The far-right former army captain had pushed for more mining and other development projects in the Amazon, saying they would stimulate the economy.
But rights groups accused Bolsonaro of gutting Brazil’s environmental and Indigenous protection agencies, leading to an uptick in deforestation and violence across the sprawling Amazon region.
Greenpeace Brazil on Monday called on Lula to follow through on his campaign promises, including rebuilding the government agencies tasked with protecting the environment – a measure it called “urgent”.
Human Rights Watch also urged Lula to put human rights at the centre of his policies.
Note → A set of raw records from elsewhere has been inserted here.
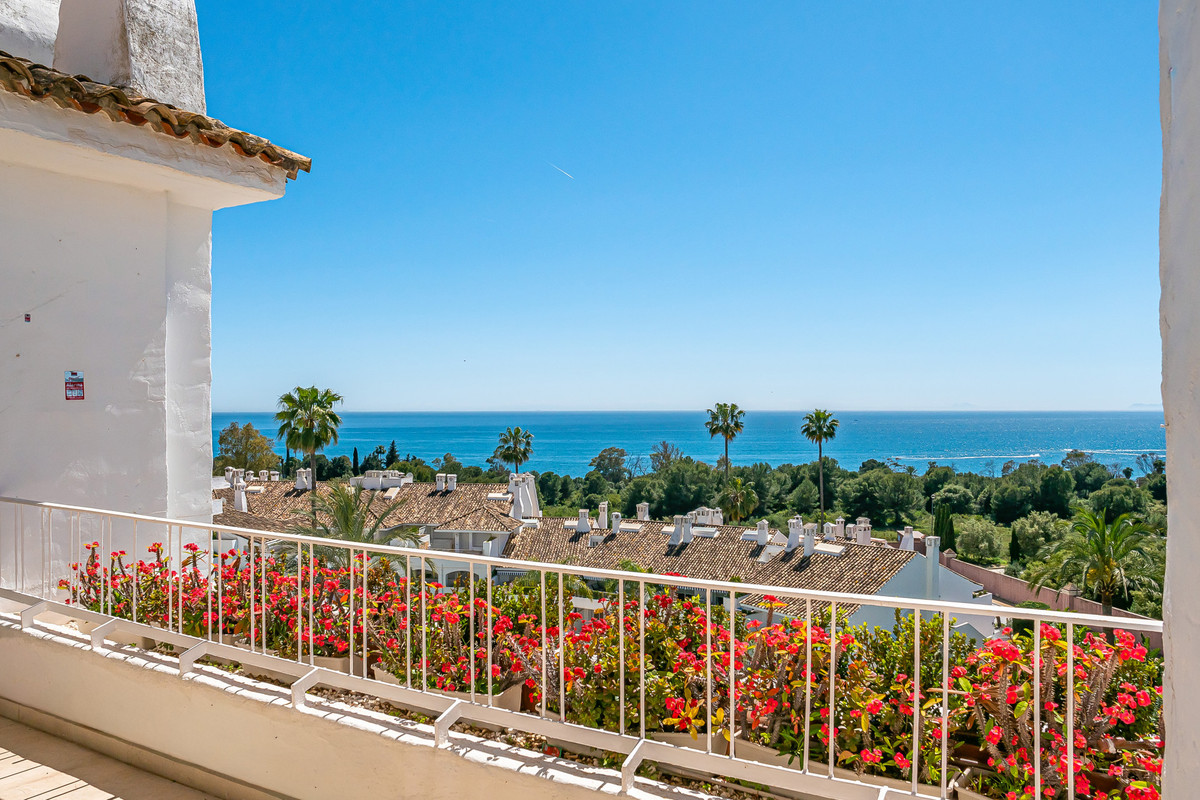 Penthouse te koop in Marbella | 3 slaapkamers H5362369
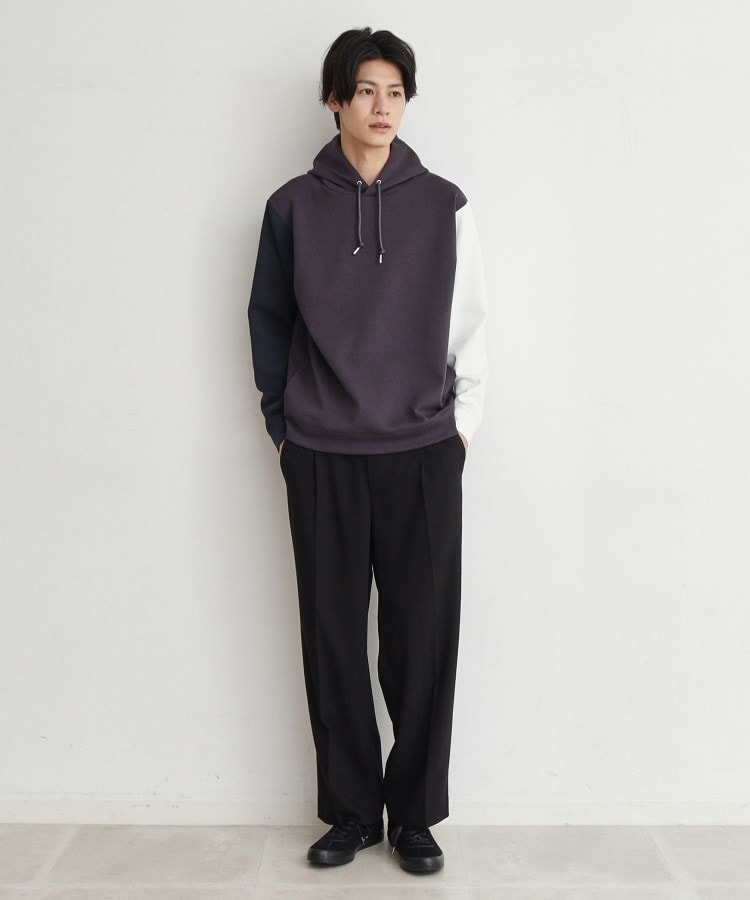 ザ ショップ ティーケー（メンズ）(THE SHOP TK(Men))のライトダンボールパーカー7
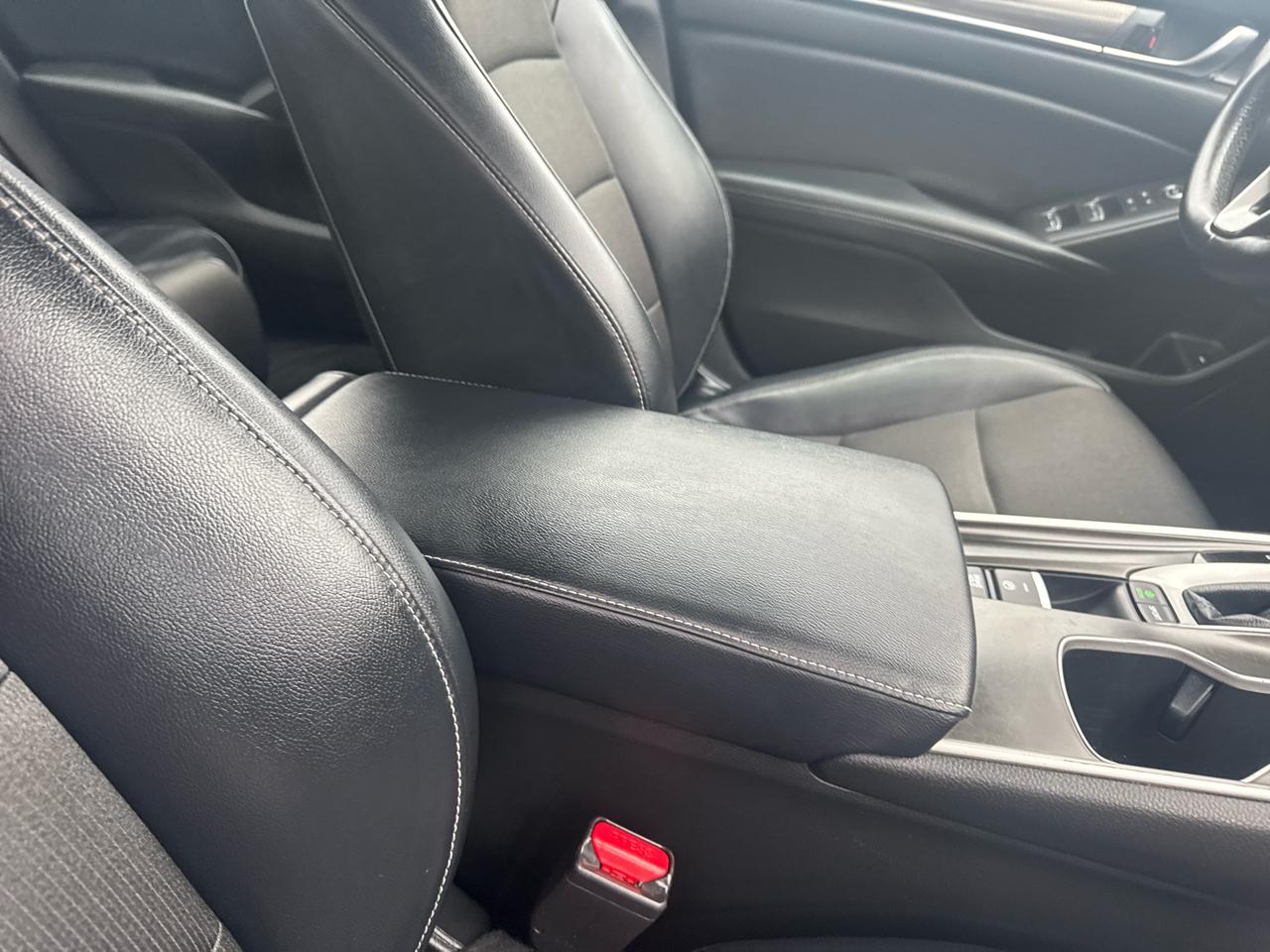 Honda Accord Sedan  2018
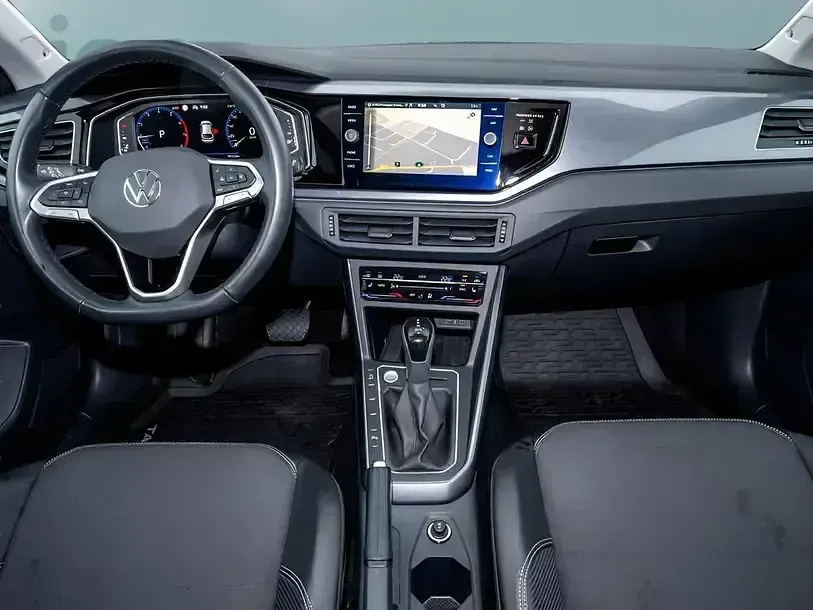 Gebraucht VW Taigo 150 PS (110 kW) 2022 Schwarz SUV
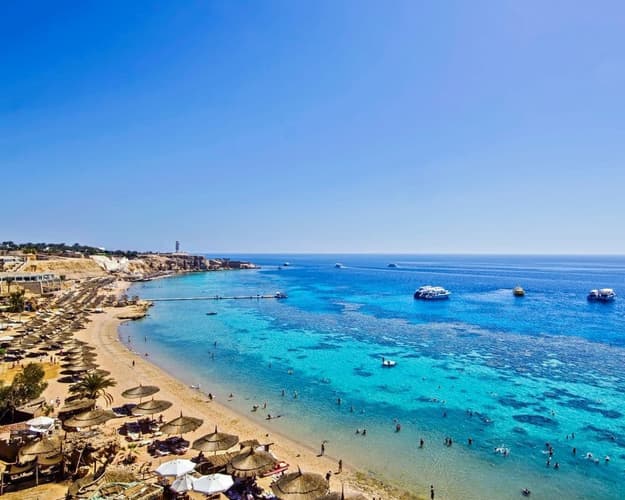 Imagen - Navidad en Sharm: Un cálido regalo de invierno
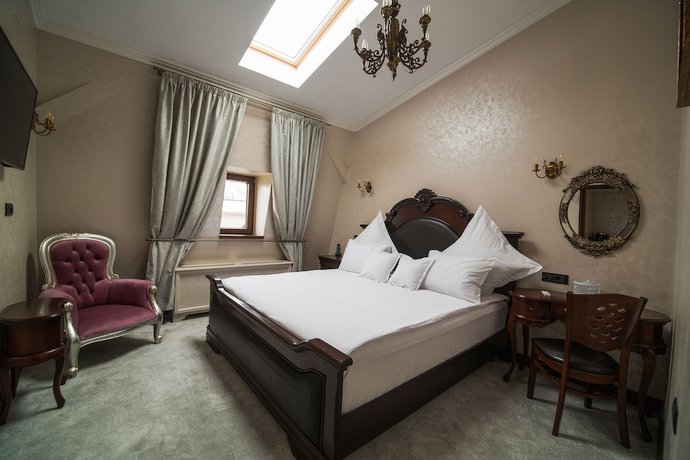 Imagen de la habitación del Hotel 5 Continents. Foto 8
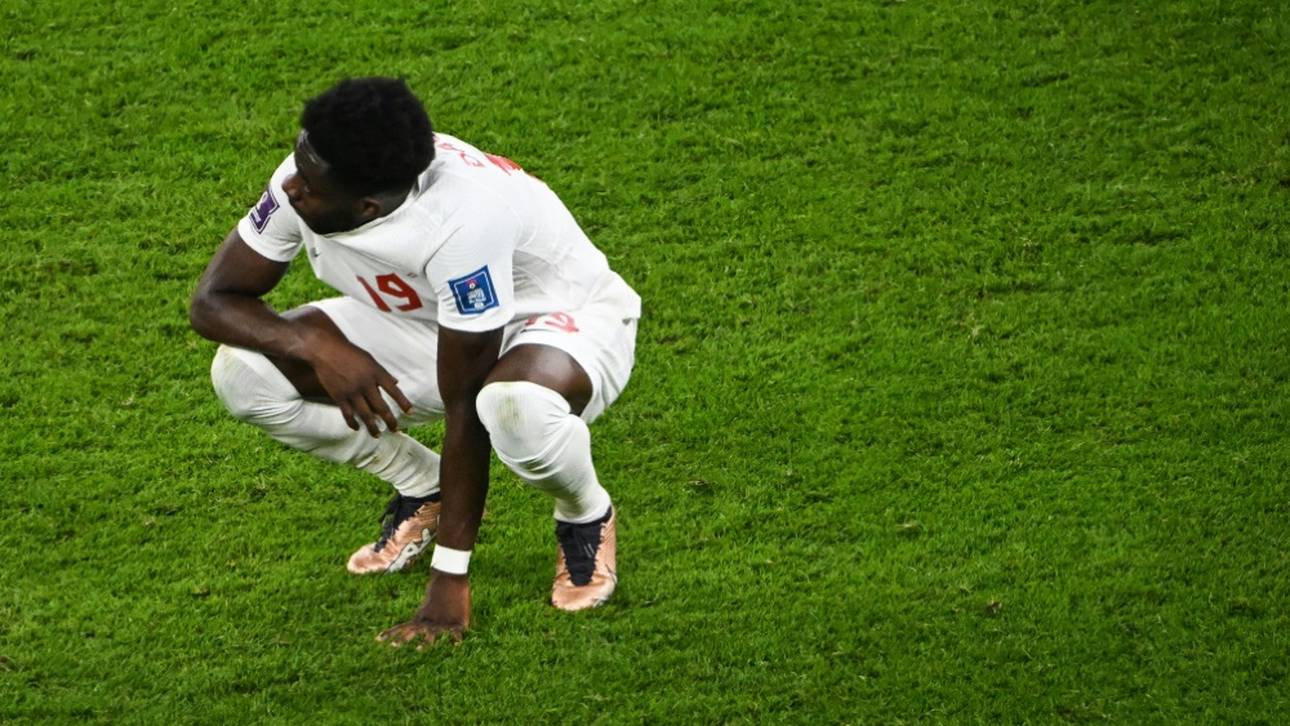 Kanada-Coach verteidigt Davies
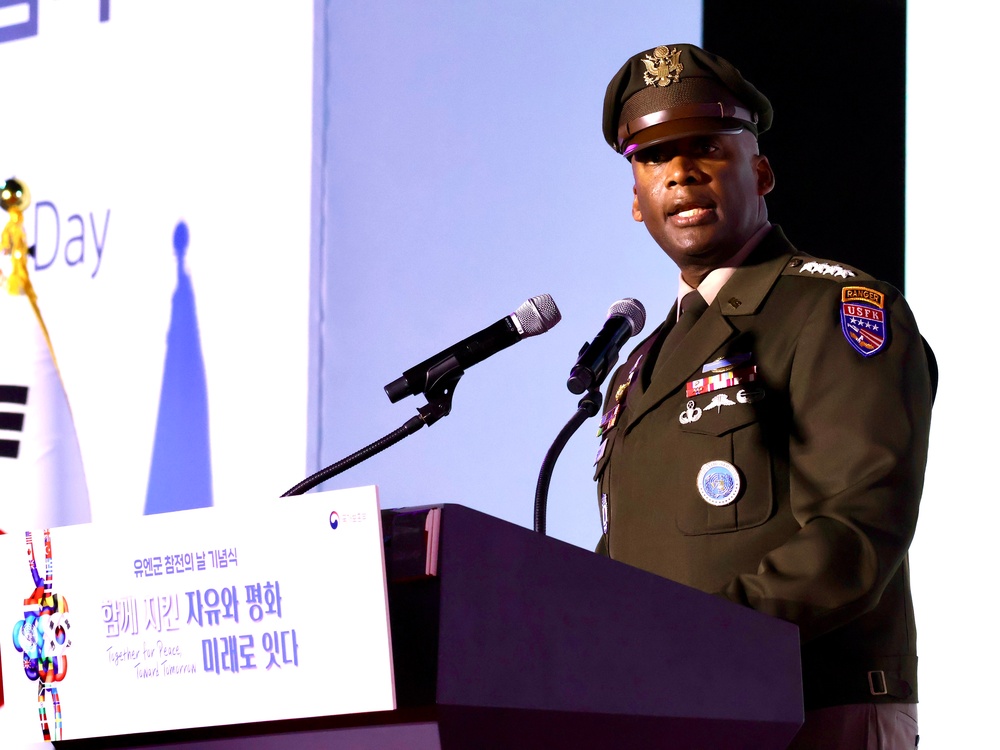 South Korea commemorates Armistice Agreement 72nd anniversary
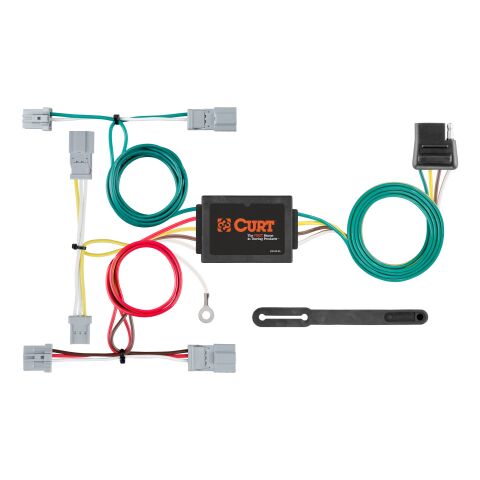 Custom Wiring, 4-Way Flat, Select Civic, Fit, Accord, Mazda 3, CX-5,&nbsp;Galant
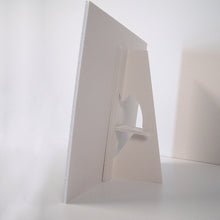 Cargar imagen en el visor de la galería, Petit 2 impreso en Aluminio Blanco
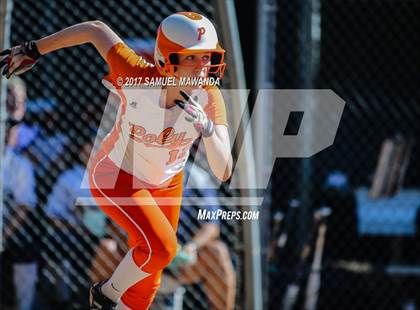 Thumbnail 3 in Sierra Canyon vs Polytechnic  (CIF SS 2nd Round) photogallery.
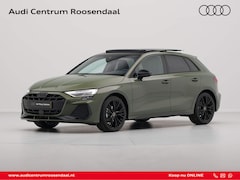 Audi A3 Sportback - 35 TFSI S edition Panodak Sonos Clima Verw. voorstoelen Cruise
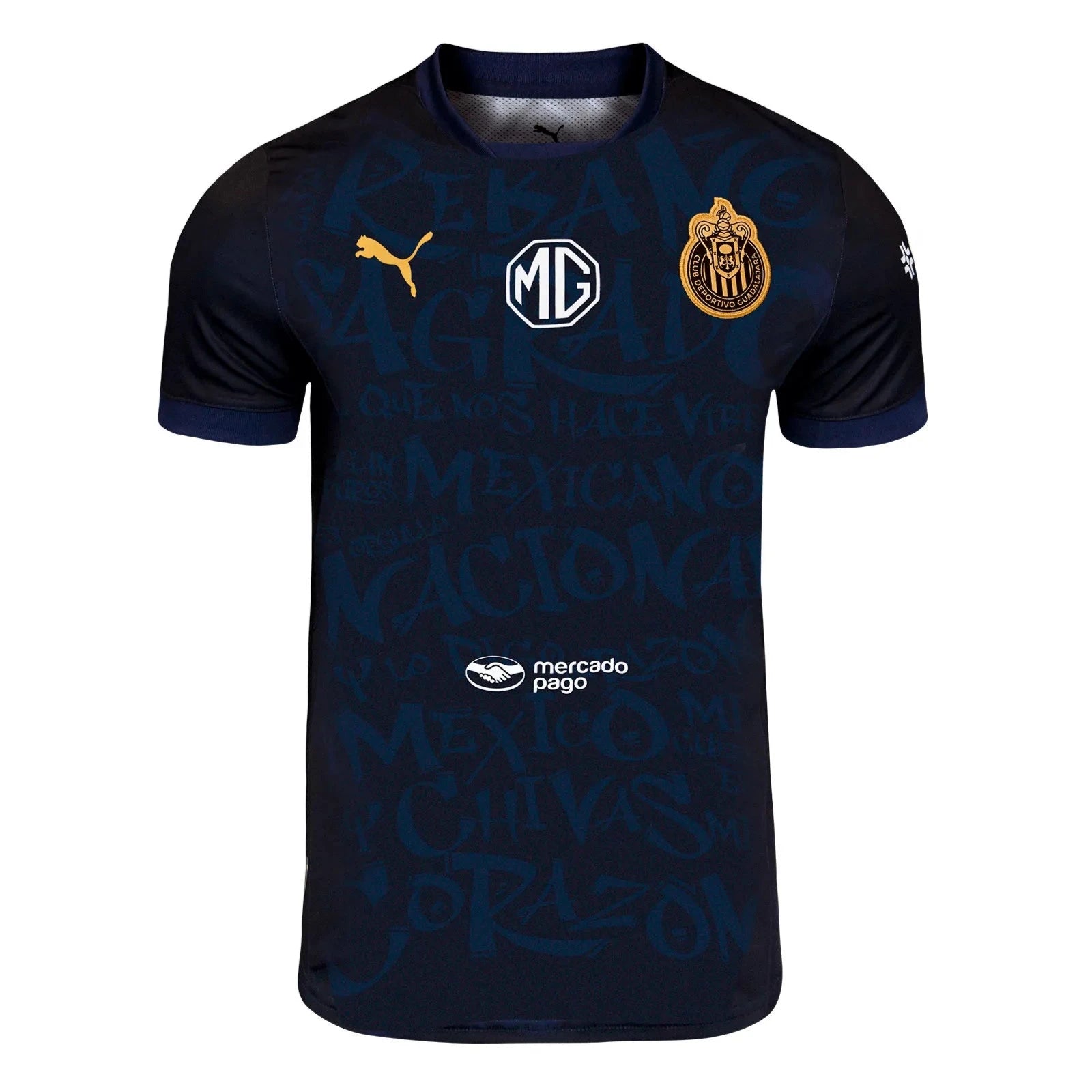 Puma 2024-25 Chivas Youth Stadium Third Soccer Jersey – ProSoccer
It called on him to strengthen “law enforcement to fight the destruction of the Amazon and threats and attacks against forest defenders”.
Indigenous leaders for years have raised alarm over the threats their communities face in the South American nation, particularly in areas with little government oversight that farmers, miners and poachers are seeking to control and exploit.
Brazil is home to more than 800,000 Indigenous people from over 300 distinct groups, according to data from the last census in 2010 cited by the Articulation of Indigenous Peoples of Brazil rights group.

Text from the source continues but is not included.